Garin, on the other hand, had been in her presence for barely thirty minutes, and she found herself wanting the meeting to continue indefinitely. But any attraction she might have felt was overshadowed by the insistent knowledge that this man was a killer.
Garin turned and faced Olivia, who was still seated in the armchair. The look on his face was a curious mixture of calculation and indecision. He needed her cooperation and for her to understand his theories, but he was unsure how much to tell her.
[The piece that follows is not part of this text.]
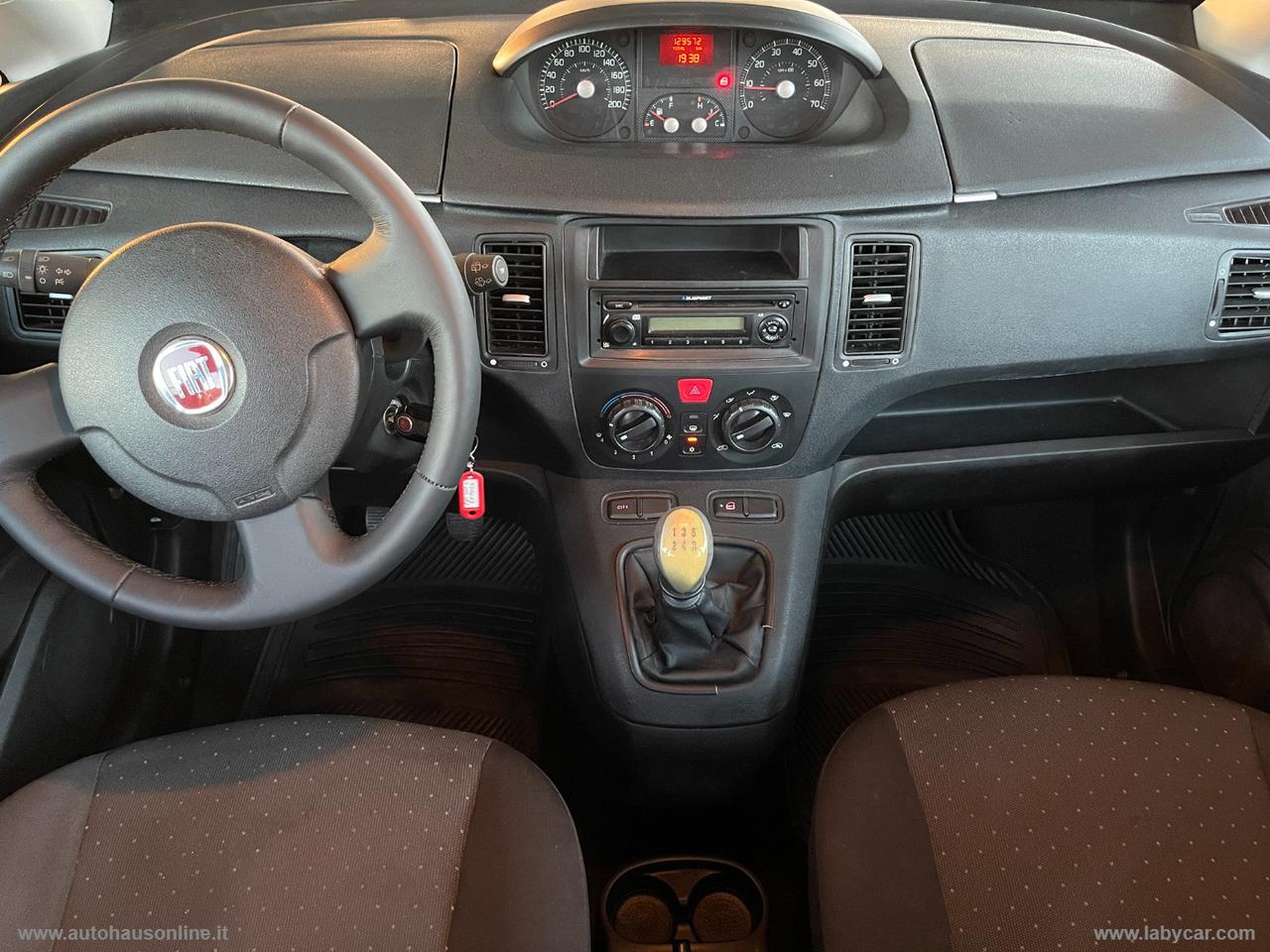 FIAT Idea 1.4 Active GPL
He examined her face for several long seconds. Dwyer trusted her. And although he liked to cultivate a frat-boy image, Dwyer was a shrewd analyst of character. Garin’s own preliminary sense of the woman was more wary. But then, his default mode was wariness. He especially distrusted civilians. Their innocence about malevolence was hazardous. All that was almost beside the point, however, since Garin had no better options than the woman sitting before him.
“My team was involved in an operation a week ago,” Garin began before pausing. “Look, you’re going to have to fill in certain blanks regarding what I’m about to tell you.”
“Michael.” Olivia caught herself. “I’m sorry. May I call you Michael?”
Garin nodded as another recess of his brain noted the length and shape of her legs. She was much taller than he had imagined.
“Please call me Olivia. If it makes any difference, everything you’re telling me is at the direct request of James Brandt.”
“Olivia, we both know that’s not really how Washington works. If things blow up, the fact that I spoke to you about a classified operation will be just one of the paragraphs in the multicount indictment that will be brought against me. And it won’t matter what a great guy James Brandt says I am.”